O objetivo principal da maioria das propostas é ampliar a lista de crimes de responsabilidade que podem levar à abertura de um processo. Quase nenhuma chegou ao plenário, e 26 foram arquivadas, em geral por não terem sido apreciadas antes do fim da legislatura em que começaram a tramitar.
Dos 74 projetos, 39 foram apresentados nos últimos seis anos, período que coincide com o afastamento de Dilma Rousseff e a avalanche de denúncias contra Bolsonaro. Projetos do início da década de 1990, quando Fernando Collor foi alvo de impeachment, ainda tramitam na Câmara.
“O sistema torna o presidente da República refém do presidente da Câmara”, afirma o ex-deputado Miro Teixeira (PDT-RJ).
“Com o poder que ele tem de decidir sozinho o que fazer com os pedidos de impeachment, não há qualquer possibilidade de recurso se ele não fizer nada, como acontece hoje.”
A legislação só permite recurso ao plenário em caso de arquivamento de uma denúncia.
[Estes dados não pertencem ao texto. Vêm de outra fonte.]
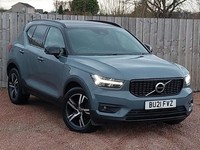 2021 Volvo XC40 1.5 T3 [163] R DESIGN 5dr SUV Petrol Manual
Em 2015, quando Eduardo Cunha deflagrou o impeachment de Dilma, Teixeira apresentou um projeto para prever possibilidade de recurso também em caso de aceitação de denúncia. A proposta nunca foi a votação.
Só 2 dos 74 projetos viraram lei. O primeiro inscreveu no Regimento Interno da Câmara a exigência de votação aberta para abertura dos processos de impeachment.
O outro, de iniciativa do governo Fernando Henrique Cardoso (1995-2002), acrescentou à lista de crimes de responsabilidade do presidente as violações à Lei de Responsabilidade Fiscal, de 2000.
Projetos que têm ministros do Supremo como alvo também não têm avançado.
Em maio deste ano, a CCJ (Comissão de Constituição e Justiça) da Câmara rejeitou proposta do deputado Sóstenes Cavalcante (DEM-RJ) que permitiria processar integrantes do tribunal acusados de usurpar competências do Legislativo.
Um projeto apresentado em 2008 pelo hoje chefe da Secretaria-Geral da Presidência, Onyx Lorenzoni, que se licenciou do mandato de deputado para ser ministro de Bolsonaro, também está parado na Câmara.
Ele inclui entre os crimes de responsabilidade do presidente a falta de liberação de verbas para emendas parlamentares e seu uso para influir em votações no Congresso.